I have a github repo with more details on in - but it is a work in progress.



After nearly


Here is the RCA1802 ALU transcribed into H. Neemann’s “Digital” Simulator.

I have added more familiar signal names like Ain, Bin, Cin, DATAout and CARRYout.

It is controlled from 3 instruction inputs (inverted) /I2:/I0

1 Like

Nice! I wish we had the entire 1802 in hneeman/Digital. Of course it would be ridiculously slow. And I’m not quite motivated enough to be the one to do the work. :wink:

One of the coolest things about the 1802 is that they provided a guide for reverse engineers literally built into the die. Orient the die photo with Visual6502’s copyright notice at lower right so the register array is at upper right. Then look at the extreme lower left corner. There are two oversize transistors with their contacts labelled: G (gate), D (drain), S (source), SB (source bias, I think) and W (well, I think).

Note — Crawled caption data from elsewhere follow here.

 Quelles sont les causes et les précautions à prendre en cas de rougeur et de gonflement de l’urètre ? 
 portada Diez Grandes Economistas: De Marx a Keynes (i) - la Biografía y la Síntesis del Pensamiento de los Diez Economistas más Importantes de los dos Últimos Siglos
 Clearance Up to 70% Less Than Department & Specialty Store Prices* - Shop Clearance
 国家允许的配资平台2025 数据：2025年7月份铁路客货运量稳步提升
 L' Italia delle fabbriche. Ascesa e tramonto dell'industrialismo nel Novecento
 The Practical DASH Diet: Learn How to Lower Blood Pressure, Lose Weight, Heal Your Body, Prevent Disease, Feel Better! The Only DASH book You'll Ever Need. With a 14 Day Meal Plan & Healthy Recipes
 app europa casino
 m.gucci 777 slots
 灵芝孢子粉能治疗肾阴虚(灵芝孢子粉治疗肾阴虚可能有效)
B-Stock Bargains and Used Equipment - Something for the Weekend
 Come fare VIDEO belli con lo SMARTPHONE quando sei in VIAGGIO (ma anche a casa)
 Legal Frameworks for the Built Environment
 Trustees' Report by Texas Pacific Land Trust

Arguably the most cool part ever.

1 Like

Well Thank You Jeff and Ken both!!!
This is beautiful, die shots plus schematics. So looks like they used some asynchronous design and both edges of a self-generated clock - Ugh. Async design was the last chapter and last lecture of my logic design course at university and was “to be avoided” due to all the hazards. But re serial ALU - there it is, both D and B registers clocked serially.
I guess CMOS on-die delays are a lot shorter than std logic packaged delays, which is usually quoted at 60ns @ 5v.

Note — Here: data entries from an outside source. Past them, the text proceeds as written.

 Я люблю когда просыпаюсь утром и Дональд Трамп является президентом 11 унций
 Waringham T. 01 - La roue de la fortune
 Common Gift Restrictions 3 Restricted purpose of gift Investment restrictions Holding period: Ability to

I’ve been having fun with my Cosmac Elf homebrew gone real bad. I started with Lee Hart’s membership card and hacked it rather than start fresh. I cheated a bit by using PIC uc to decode hex for a standard 7-seg display, til311s being very expensive and iffy on the Chinese market. The keypad is also a 1979 cheat using the 74C923.
I’ve also added something that I haven’t seen anyone do using std logic - autoboot clean (no rom) from a cassette using the build-in DMA. I’m sure it isn’t original, but feels more like a minicomputer loading from paper tape (RIM) or DECtape, but no initial toggling required.
I’ve tried to keep everything else '70s era, and consider the HC series OK to use if there was a corresponding LS version. It is very hard to be faithful to the era, Teraterm vs real terminal as exception. I’ve run out of room so time to start afresh and clean everything up!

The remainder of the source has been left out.